International Journal of Radiation Biology
- Discipline: Radiobiology
- Language: English
- Edited by: Professor Gayle Woloschak

Publication details
- Former name(s): International Journal of Radiation Biology and Related Studies in Physics, Chemistry and Medicine
- History: 1988–present
- Publisher: Informa
- Frequency: Monthly
- Open access: Hybrid
- Impact factor: 2.368 (2019)

Standard abbreviations
- ISO 4: Int. J. Radiat. Biol.

Indexing
- CODEN: IJRBE7
- ISSN: 0955-3002 (print) 1362-3095 (web)

Links
- Journal homepage;

= International Journal of Radiation Biology =

The International Journal of Radiation Biology is a monthly peer-reviewed medical journal that covers research into the effects of ionizing and non-ionizing radiation in biology.
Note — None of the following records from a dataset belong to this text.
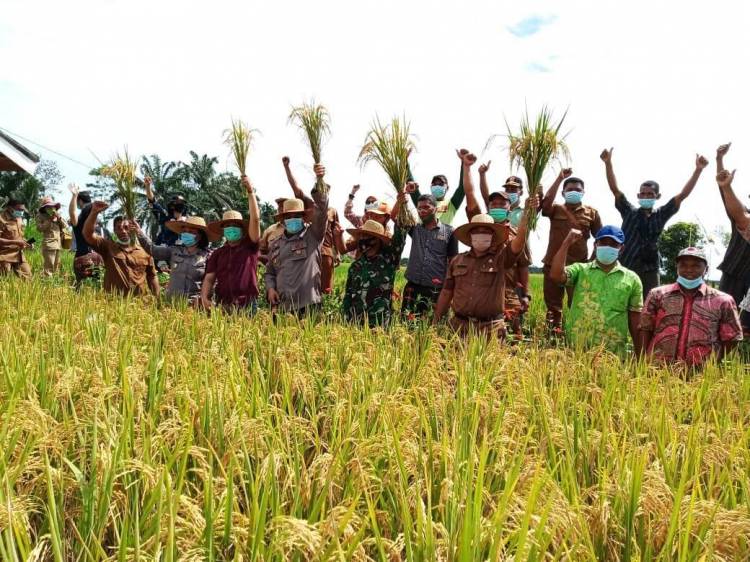 Petani Langkat Diajak Budidayakan  Padi Ramah Lingkungan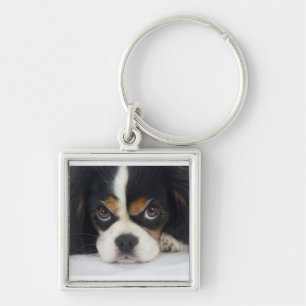 Cavalier King Charles Spaniel Keychain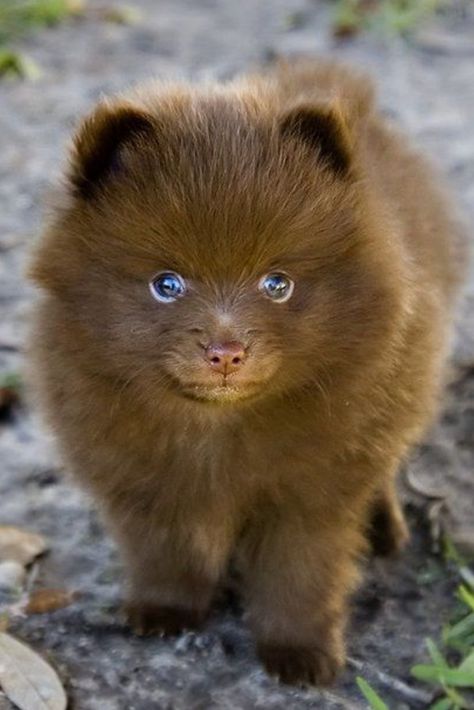 Chien qui ressemble à un ourson Pomsky Puppies, Haiwan Comel, Anak Haiwan, Funny Animals With Captions, Psy I Szczenięta, Haiwan Lucu, Funny Pictures With Captions, Pomeranian Puppy, Haiwan Peliharaan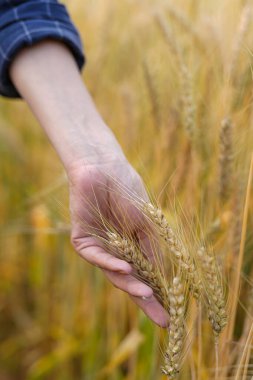 Dijital tabletli çiftçi pirinç tarlalarında tarım kavramı üzerinde çalışıyor.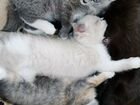 1 кот и две кошки от вислоухой мамы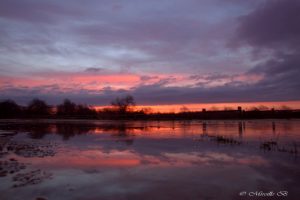 mireille bleriot lac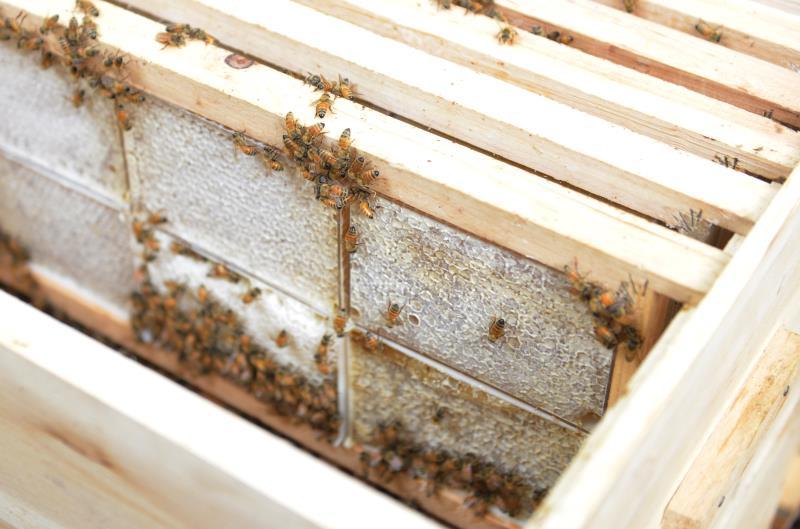 深山蜂谷悬崖土蜂蜜好吗,张家界知蜂谷养蜂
The editor-in-chief is Professor Gayle Woloschak.

The title was formerly known as International Journal of Radiation Biology and Related Studies in Physics, Chemistry and Medicine, having changed its name in 1988.

== Abstracting and indexing ==
The journal is abstracted and indexed in:
- Chemical Abstracts Service
- Index Medicus/MEDLINE/PubMed
- Science Citation Index Expanded
- Current Contents/Life Sciences
- BIOSIS Previews
- Scopus

According to the Journal Citation Reports, the journal has a 2014 impact factor of 1.687.